Specifically, the United States should encourage countries to reform restrictive political-party laws that could provide the legal framework for parties to form and compete. This is particularly important for non-Islamists who do not have the vast social network and organizational apparatus of Islamists. It should also encourage reform of media laws to widen the discourse on public policy. Such reforms are key to avoiding government’s prosecution of journalists who interpret any criticism as “defamation” of a head of state. Finally, it should push for reform of the judiciary laws to facilitate the operation of an independent judiciary. Such reforms must be genuine and not like the one passed in Egypt last year; in spite of that “reform,” human rights activists indicate that judges are still paid partly by the Justice Ministry, so that if they rule against the state, their salary can be cut for many months at a time.

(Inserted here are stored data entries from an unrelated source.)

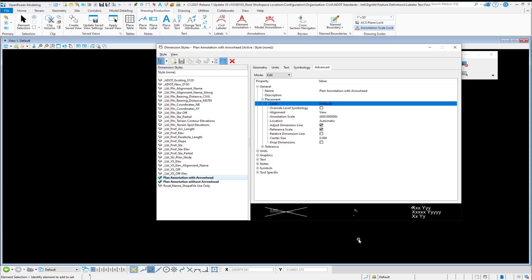But in terms of the leader and the arrowhead, that symbology is controlled in your dimension style that you're using, and in particular under the advanced general placement level symbology, this is where you would set your level and what you want to use for that.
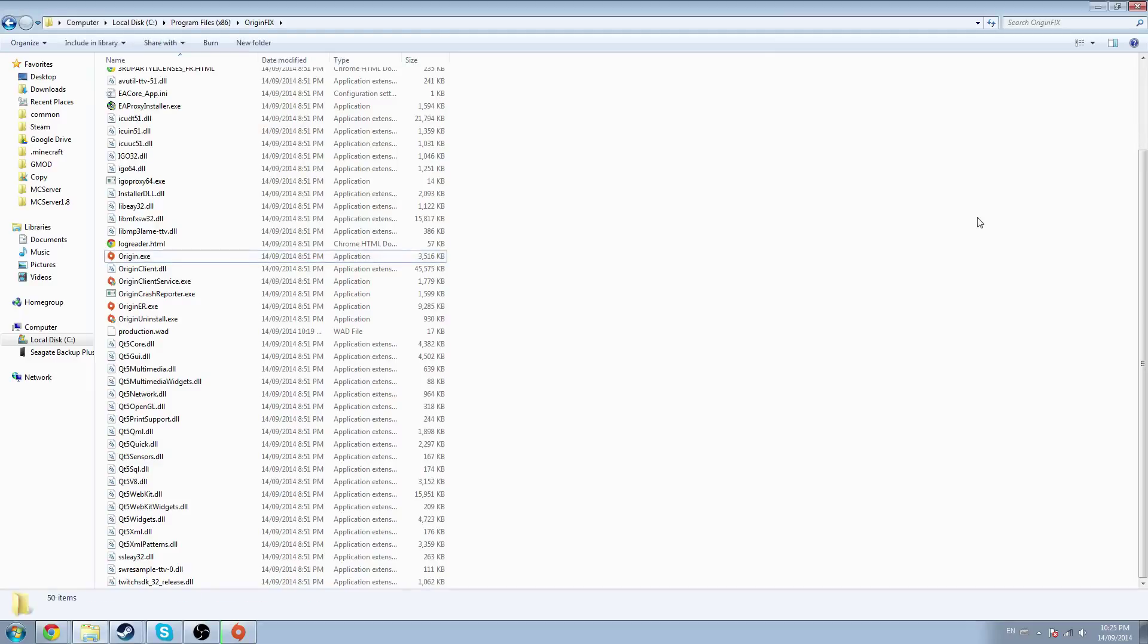If it doesn't work, just say so in the description. I'll try and find out any other ways that could possibly be fixed, but for now this is all I could find that works. Anyways, this has been a quick tutorial on how to fix broken Origin.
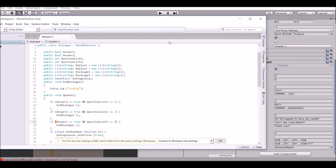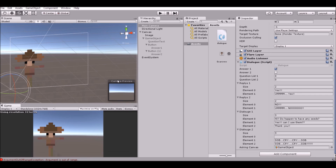Alright, so that is how to create a dialogue in Unity 3D. I hope you guys enjoyed it and I will see you in the next tutorial.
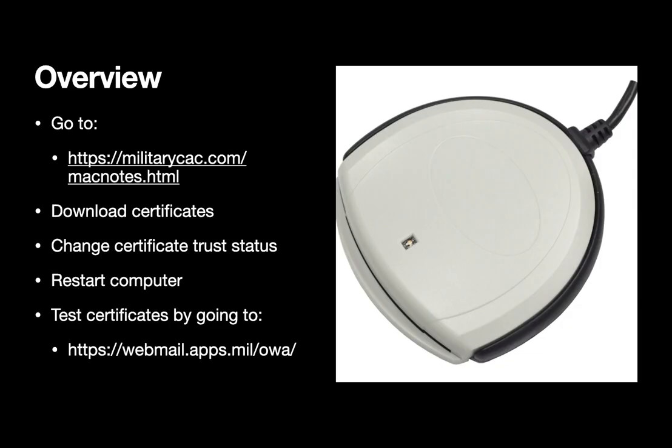Today we're going to show you how to install CAC certificates on your Mac. I'm going to walk you through going to the website to get the certificates, downloading those, changing the trust status, and then testing out that you've properly loaded those certificates.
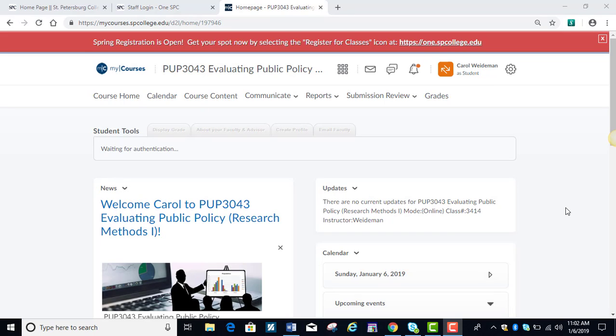Hi, this is Dr. Weidemann and I'm your professor for this class. This short video will introduce you to our MyCourses course.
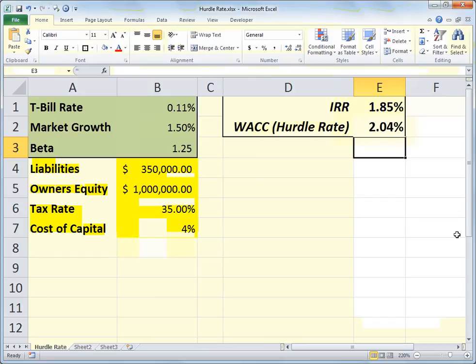That's really the minimum return you need on the investment you're undertaking to make it a worthwhile endeavor. There are all sorts of sites online that discuss internal rate of return and hurdle rate as higher-level financial calculations, but Excel can handle it with ease once we know the formulas to use. Thanks a lot and tune in again for more Excel tips.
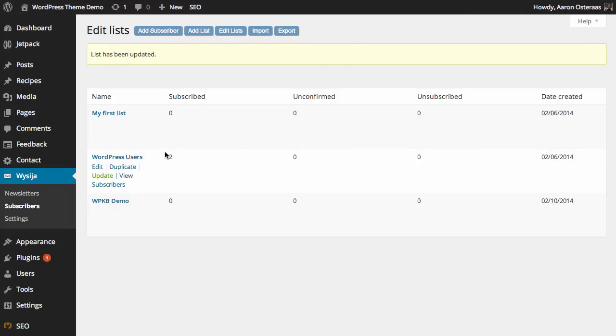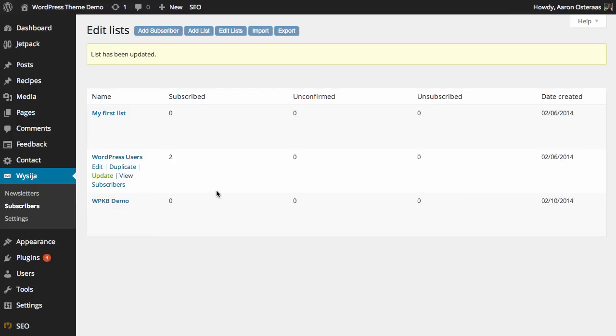You can also note that you can choose to duplicate a list here if you need to duplicate a list for any reason at all.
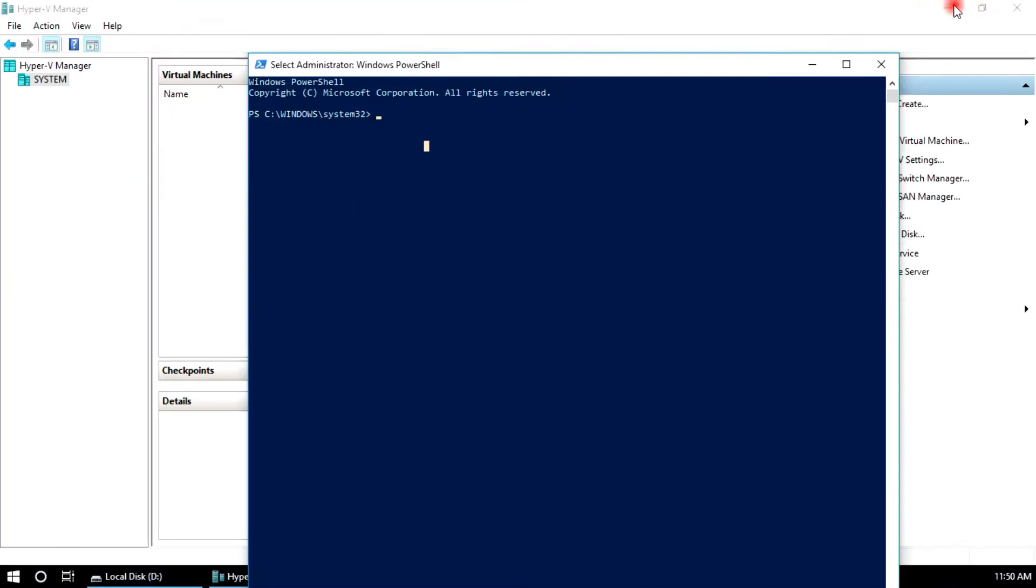I am going to run PowerShell commands: New-VM, name, write your VM name Demo VM, and path.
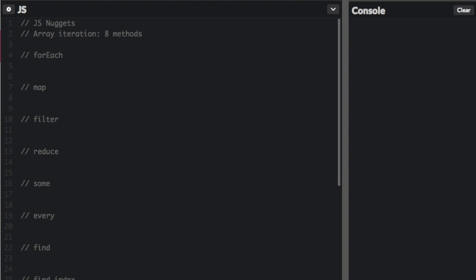Array iteration. I'm going to go through eight methods to iterate through an array. To iterate means that you're going through the array and you're doing something with each item of the array. Some methods don't necessarily go through each item, but we'll get to that. Most do.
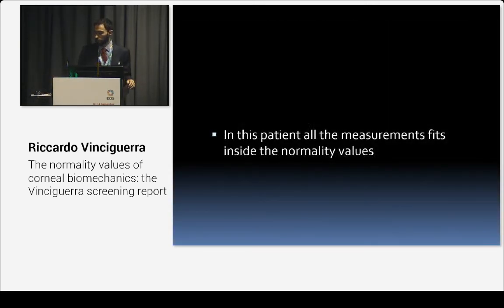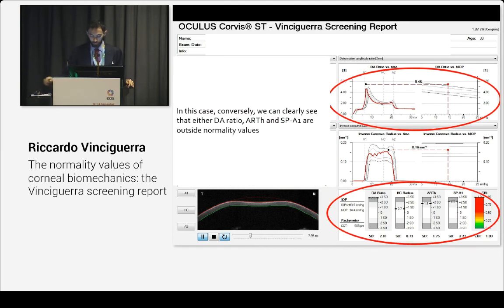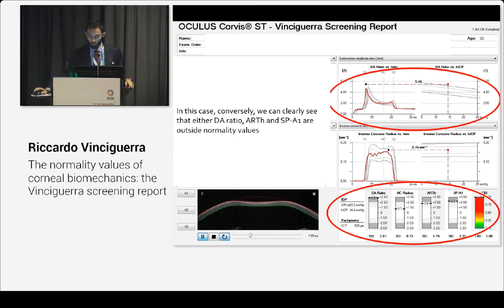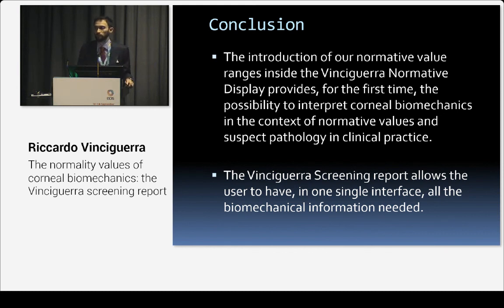The patient was normal for all of these parameters. But let's see an abnormal patient. In this patient, you can clearly see that deformation amplitude ratio and stiffness parameters are outside normality values, all in one display. The introduction of these normative value ranges inside the new Vinci Guerra normative display provides, for the first time, the possibility to interpret corneal biomechanics in the context of normative values and suspect pathology in clinical practice.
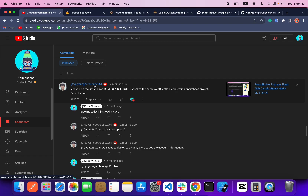Hello everyone and welcome back to another video. In today's video we are going to learn how we can solve this error — a lot of people are commenting that they are facing this error. You can see the error on the screen and we will solve it in this video.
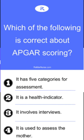Which of the following is correct about APGAR scoring? Number one, it has five categories for assessment. Two, it is a health indicator. Three, it involves interviews. Four, it is used to assess the mother.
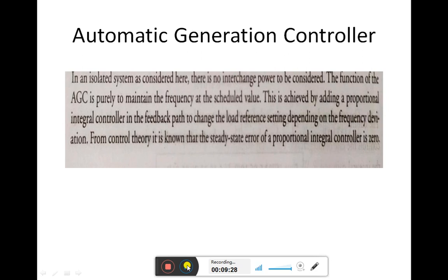Now let us see what automatic generation control is. In an isolated power system as considered here, there is no interchange power to be considered. The function of AGC is purely to maintain the frequency at the scheduled value. This is achieved by adding a proportional integral controller in the feedback path to change the load reference setting depending on the frequency deviation. From control theory, it is known that the steady state error of a proportional integral controller is always zero, enabling us to maintain a constant frequency in our power system.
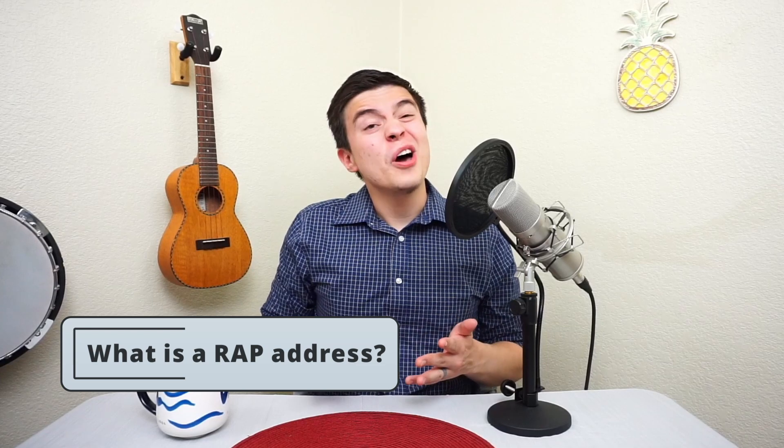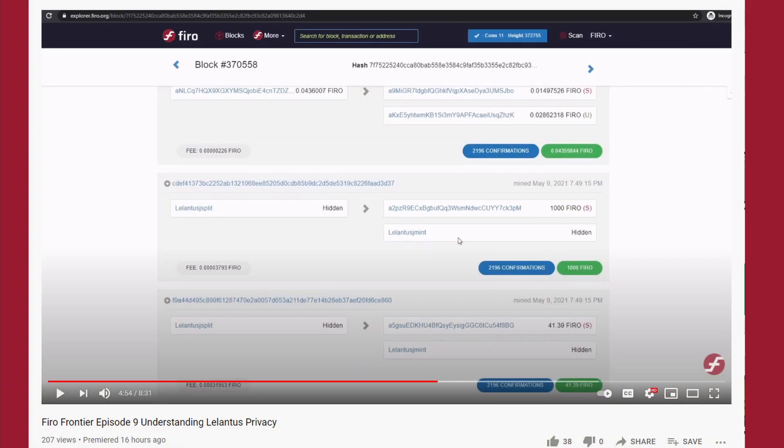RAP addresses — RAP is an acronym that stands for Receiver Address Privacy, and it's a way to increase user privacy. As powerful as Lelantis is, the weak point has always been the privacy on the receiver's side. You may recall from a previous video where we showcased how Lelantis works on the blockchain — the receiver address is still visible.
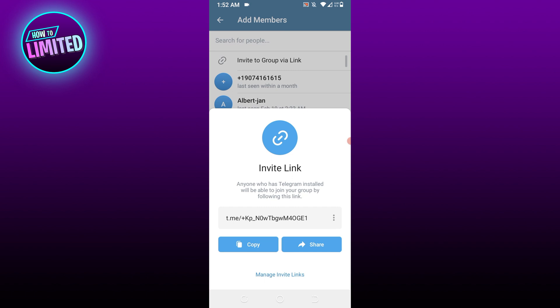They will be able to join your group if they are active on Telegram. So that's all for this video guys.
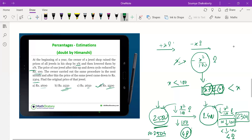So the approach: recognize that two reductions of ~100 rupees total ~200 rupees, add to 2304 to get ~2504, then identify 2500 as the clean nearest value. Even without options, you expect integer answers since both reductions are integral, so 2500 is the only sensible answer. A very fast and elegant method.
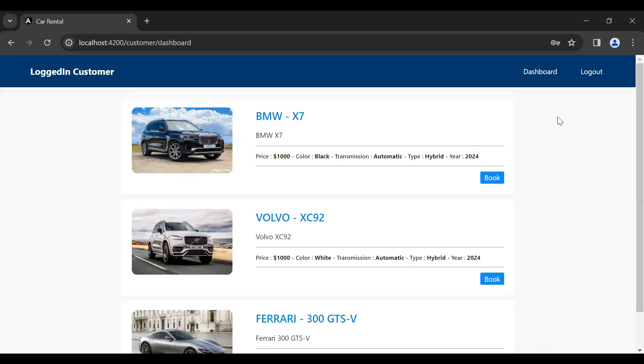Hello viewers, hope you're doing well. Today in this video I'm going to create an API to get the bookings by a user ID. So let's get started. You can see here the customer module.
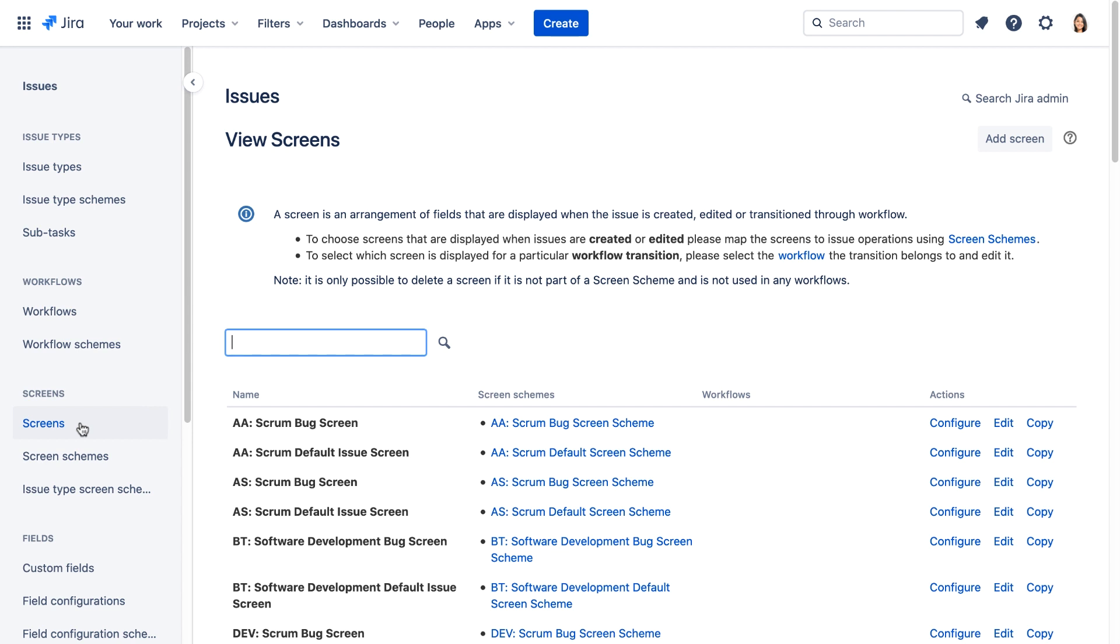We can't simply edit the screen Dev Scrum Bugs screen to simplify it for creating issues. This screen is associated with all operations for bugs: create, edit and view. If you edited this screen and removed all but the essential fields, that's all users would see on the view and edit bug screens as well.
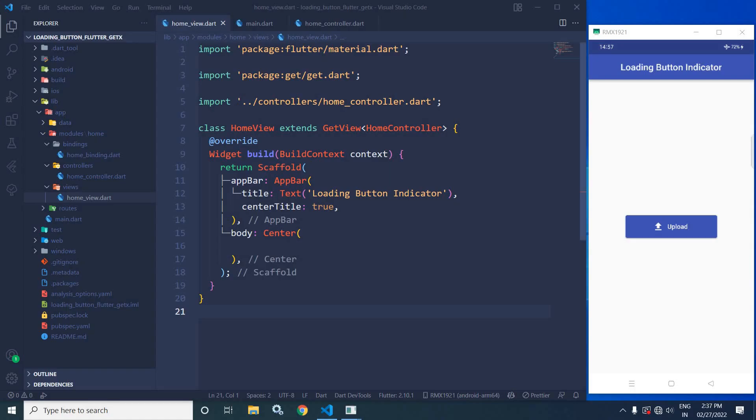Hi, my name is Amar. In this video, I will discuss how to create a loading button with indicator in Flutter using GetX.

Makovsky veers towards a straw man argument by pushing this dichotomy on American foreign policy in the Middle East: either America foolishly over commits (i.e. invades Iraq) or we bolster autocratic regimes with no concern to fostering democracy (Iran under the Shah). American foreign policy has always been between these poles. What determines whether America pushes Makovsky’s micro-liberal Middle East diplomatic track has been whether that goal overrides others: e.g. security concerns of Iran, the need of moderate allies in the region, and the current diplomatic black hole of Iraq. Typically Makovsky’s approach has fallen to other, more immediate diplomatic aims.

Therefore, while Makovsky deserves credit for splitting democratization (i.e. the form of government) from liberalism (the values a government embodies) and for redirecting focus out of Iraq, Iraq is still stands as America’s core dilemma in the Middle East.

An American president tasked with managing either a buildup or draw down of American troops will simply not have the capital to spearhead Makovsky’s strategy. And the mood of the American public come 2009—most likely one of enthused or embittered isolationism—augurs poorly for Makovsky’s diplomatic platform.

But Makovsky does earn praise for unlocking American foreign policy discourse, however briefly, from its ‘Iraq Jam’. And more importantly, Makovsky deserves credit for laying out a diplomatic paradigm that it built on the obvious: Iraq is not the only rubric for America’s success in the Middle East.